Прибитые дамы и толстые молодые священники, открывшие мазохистскую жилку в этих дамах, уверенные от знания человеческого несовершенства и всем телом давящие силой этой правды, что люди несовершенны. Когда давишь, подавленные встречают это с пониманием и охотой, и давящий начинает чувствовать тоску по улаженному человечеству и любовь к нему такому, какое могло бы стать на молитву правильно. Но такого народа нет, и у него сильнее любовь к нему, далекому, до страсти. Ты собрался было жить, но тебя достанут, уличат, осудят, укусят: ты неправильный, не такой, какой должен быть. Поэтому сам
Всё перебито неспособностью быть в разных местах, делать одновременно и быстро разные вещи. Отсюда неуверенность, что ты сейчас делаешь то, что нужно. Поэтому, странно сказать, мера твоей неуверенности — она же мера участия во всеобщем. Если не бояться знать, видеть.
Бунин, «Деревня». Ожидание, неустроенность, духовное терпение. Срыв его, переход в физику, дает историю последующих десятилетий, т. е. прочитав Бунина, не надо было, не обязательно проживать этот XX век. То же накопление энергии и тот же срыв
Хитрый зверь, вцепившийся в небо и землю, хотящий жить, извернется и в смерти.
Хотим ли мы на самом деле свежести, чистой полосы жизни? Такое желание не может быть базовым, потому что сама жизнь не первична. Не странничество при жизни, а жизнь при странности от самого начала. Исправить жизнь во всяком случае нельзя, можно только начать новую. С каждым куском еды начинается новая. Или она уже не начинается совсем.

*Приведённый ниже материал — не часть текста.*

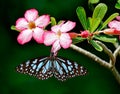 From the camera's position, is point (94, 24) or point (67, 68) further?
point (67, 68)

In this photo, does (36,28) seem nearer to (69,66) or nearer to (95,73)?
(69,66)

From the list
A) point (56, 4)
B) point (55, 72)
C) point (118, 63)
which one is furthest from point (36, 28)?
point (118, 63)

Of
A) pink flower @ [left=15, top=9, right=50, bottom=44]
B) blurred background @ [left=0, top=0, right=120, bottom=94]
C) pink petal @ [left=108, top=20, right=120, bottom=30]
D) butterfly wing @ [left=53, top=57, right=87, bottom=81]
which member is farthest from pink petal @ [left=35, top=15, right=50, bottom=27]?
blurred background @ [left=0, top=0, right=120, bottom=94]

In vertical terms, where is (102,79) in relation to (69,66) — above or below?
above

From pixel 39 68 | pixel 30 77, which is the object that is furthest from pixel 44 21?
pixel 30 77

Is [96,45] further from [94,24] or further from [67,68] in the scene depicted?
[67,68] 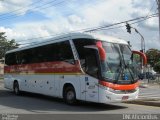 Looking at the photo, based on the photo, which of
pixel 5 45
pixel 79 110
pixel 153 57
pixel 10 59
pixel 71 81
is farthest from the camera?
pixel 153 57

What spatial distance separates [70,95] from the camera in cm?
1894

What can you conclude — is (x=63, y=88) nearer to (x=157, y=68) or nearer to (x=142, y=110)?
(x=142, y=110)

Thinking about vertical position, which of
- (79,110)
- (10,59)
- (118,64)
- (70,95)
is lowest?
(79,110)

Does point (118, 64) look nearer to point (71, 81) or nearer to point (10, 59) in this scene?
point (71, 81)

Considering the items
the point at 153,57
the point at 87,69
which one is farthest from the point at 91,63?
the point at 153,57

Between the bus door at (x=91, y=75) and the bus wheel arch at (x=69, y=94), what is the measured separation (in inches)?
46.1

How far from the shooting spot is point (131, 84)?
1758 cm

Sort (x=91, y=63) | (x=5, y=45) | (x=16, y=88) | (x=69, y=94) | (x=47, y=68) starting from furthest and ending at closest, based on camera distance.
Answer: (x=5, y=45) < (x=16, y=88) < (x=47, y=68) < (x=69, y=94) < (x=91, y=63)

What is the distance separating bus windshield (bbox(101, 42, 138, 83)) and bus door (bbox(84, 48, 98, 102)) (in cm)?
51

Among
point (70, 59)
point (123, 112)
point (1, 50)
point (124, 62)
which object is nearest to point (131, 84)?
point (124, 62)

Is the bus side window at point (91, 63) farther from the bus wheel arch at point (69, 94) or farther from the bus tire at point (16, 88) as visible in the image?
the bus tire at point (16, 88)

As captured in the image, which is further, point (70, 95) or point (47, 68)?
point (47, 68)

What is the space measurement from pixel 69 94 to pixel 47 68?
9.61 feet

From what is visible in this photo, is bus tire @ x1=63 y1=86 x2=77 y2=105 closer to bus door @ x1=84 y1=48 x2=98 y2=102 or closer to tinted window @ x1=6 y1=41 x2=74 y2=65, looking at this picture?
bus door @ x1=84 y1=48 x2=98 y2=102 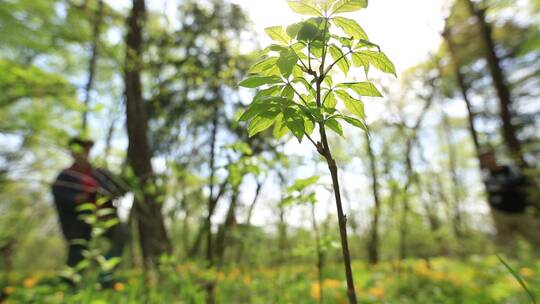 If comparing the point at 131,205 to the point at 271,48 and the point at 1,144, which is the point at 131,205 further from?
the point at 1,144

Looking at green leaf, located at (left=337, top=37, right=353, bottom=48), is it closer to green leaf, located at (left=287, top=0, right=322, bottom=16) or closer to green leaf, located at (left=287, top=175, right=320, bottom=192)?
green leaf, located at (left=287, top=0, right=322, bottom=16)

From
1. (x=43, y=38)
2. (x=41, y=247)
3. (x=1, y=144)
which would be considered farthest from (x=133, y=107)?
(x=41, y=247)

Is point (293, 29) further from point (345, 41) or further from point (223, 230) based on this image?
point (223, 230)

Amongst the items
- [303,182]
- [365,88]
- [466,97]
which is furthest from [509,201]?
[365,88]

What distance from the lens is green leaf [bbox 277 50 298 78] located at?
0.52m

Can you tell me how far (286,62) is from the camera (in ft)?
1.73

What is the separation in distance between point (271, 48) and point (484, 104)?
38.9 ft

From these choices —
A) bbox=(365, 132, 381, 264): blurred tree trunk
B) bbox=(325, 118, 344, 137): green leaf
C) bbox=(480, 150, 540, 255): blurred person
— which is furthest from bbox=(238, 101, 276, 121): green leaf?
bbox=(480, 150, 540, 255): blurred person

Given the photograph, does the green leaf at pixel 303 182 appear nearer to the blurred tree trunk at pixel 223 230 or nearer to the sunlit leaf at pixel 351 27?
the sunlit leaf at pixel 351 27

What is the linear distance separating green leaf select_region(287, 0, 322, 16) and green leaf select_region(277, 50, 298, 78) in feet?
0.31

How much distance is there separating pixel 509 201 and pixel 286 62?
20.1ft

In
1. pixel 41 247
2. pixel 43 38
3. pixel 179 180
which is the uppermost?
pixel 43 38

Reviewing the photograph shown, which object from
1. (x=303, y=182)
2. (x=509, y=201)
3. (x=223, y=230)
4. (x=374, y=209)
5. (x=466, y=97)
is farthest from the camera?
(x=509, y=201)

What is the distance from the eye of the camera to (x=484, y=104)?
10070mm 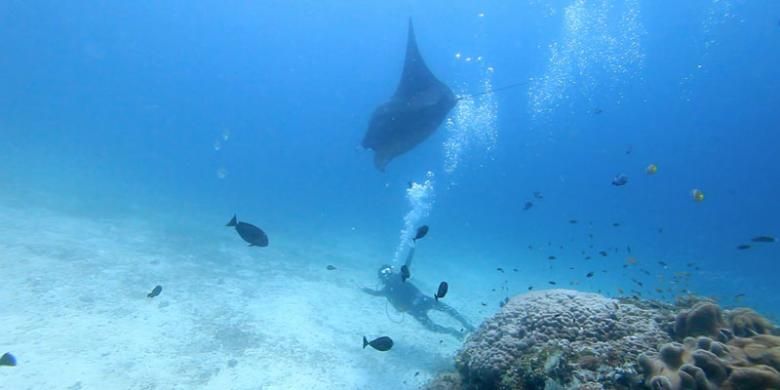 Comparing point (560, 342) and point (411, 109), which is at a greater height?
point (411, 109)

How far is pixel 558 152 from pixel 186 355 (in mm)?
103675

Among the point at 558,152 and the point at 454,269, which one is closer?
the point at 454,269

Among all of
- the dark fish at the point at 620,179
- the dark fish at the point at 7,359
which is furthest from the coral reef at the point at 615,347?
the dark fish at the point at 7,359

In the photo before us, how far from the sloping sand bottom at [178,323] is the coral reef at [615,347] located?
3.29 meters

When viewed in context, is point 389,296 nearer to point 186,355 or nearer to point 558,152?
point 186,355

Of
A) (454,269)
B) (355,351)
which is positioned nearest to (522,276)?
(454,269)

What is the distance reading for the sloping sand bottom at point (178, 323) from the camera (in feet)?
22.8

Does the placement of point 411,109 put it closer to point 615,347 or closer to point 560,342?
point 560,342

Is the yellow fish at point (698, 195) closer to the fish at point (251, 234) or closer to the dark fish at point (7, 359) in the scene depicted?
the fish at point (251, 234)

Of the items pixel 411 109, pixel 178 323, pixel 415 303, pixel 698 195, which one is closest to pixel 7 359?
pixel 178 323

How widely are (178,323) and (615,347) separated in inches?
348

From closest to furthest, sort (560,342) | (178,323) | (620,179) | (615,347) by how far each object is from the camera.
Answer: (615,347)
(560,342)
(178,323)
(620,179)

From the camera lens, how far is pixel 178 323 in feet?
29.6

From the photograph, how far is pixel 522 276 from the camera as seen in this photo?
1219 inches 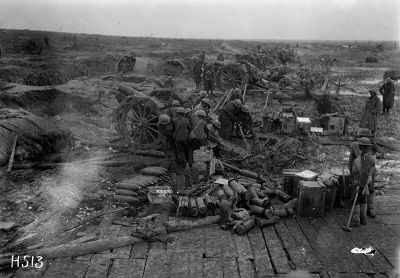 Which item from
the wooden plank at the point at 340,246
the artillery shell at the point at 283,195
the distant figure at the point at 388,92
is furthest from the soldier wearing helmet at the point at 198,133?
the distant figure at the point at 388,92

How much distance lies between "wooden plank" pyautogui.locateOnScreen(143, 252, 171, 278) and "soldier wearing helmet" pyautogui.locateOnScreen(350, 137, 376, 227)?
134 inches

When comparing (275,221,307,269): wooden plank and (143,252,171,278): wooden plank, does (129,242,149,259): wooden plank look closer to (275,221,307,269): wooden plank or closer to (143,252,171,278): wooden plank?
(143,252,171,278): wooden plank

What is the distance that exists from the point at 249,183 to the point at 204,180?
1.05 m

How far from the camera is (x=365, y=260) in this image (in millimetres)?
5676

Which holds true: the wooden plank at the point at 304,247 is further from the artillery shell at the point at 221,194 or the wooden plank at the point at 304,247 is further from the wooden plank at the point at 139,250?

Ты не знаешь по совести, что такое на самом деле слово, . Если мы договорились до того, что жизнь складывается вокруг странности, то странность же и слово, слышное пространство, она же и речь как луч. Или проще: не так ведь всегда было, что интимное в темноте оттуда диктовало, а всё развертывалось в меру открытия сторон странности. Слова, которые ты слышишь про себя, решают, тем более что ты не решаешься произнести их даже про себя и тем более написать.
Проблема в том, как мне достучаться до меня, в простом смысле, попросить меня что-то сделать, не переедать, не напиваться лишнего. Надо хотя бы не переставать удивляться сначала себе, тогда не останется времени удивляться другим, и чужая неприступность растает. Тогда все другие станут говорить тебе, в твою бездарность, и помогать выбраться, как Раджнишу нечего было дать людям кроме нужды в них, — своей, такой острой, что он не мог без них. Косым сонным зрением ты видишь себя держащим заключенного в тюрьме и самим этим заключенным. Это двойное зрение спутывает карту и календарь, возвращает всё из врастания в метрику, оставляя без привычной ориентации, хотя конечно становится не видно, что ты делаешь и чего хочешь, где работаешь. Например, что ты делаешь. Хочу спасения. Где оно. Только в необеспеченной мысли. Почему так. Я не знаю. Ригведа, которой занимались прошлый семестр[10]
, может быть последний остаток (церковное ритуальное закрепление) не записывавшей себя мысли. Показать может только долгий разбор, опора на близкое необходима, и я хочу найти ее у Льва Толстого, и по причине, которую я скажу, прежде всего в его дневниках.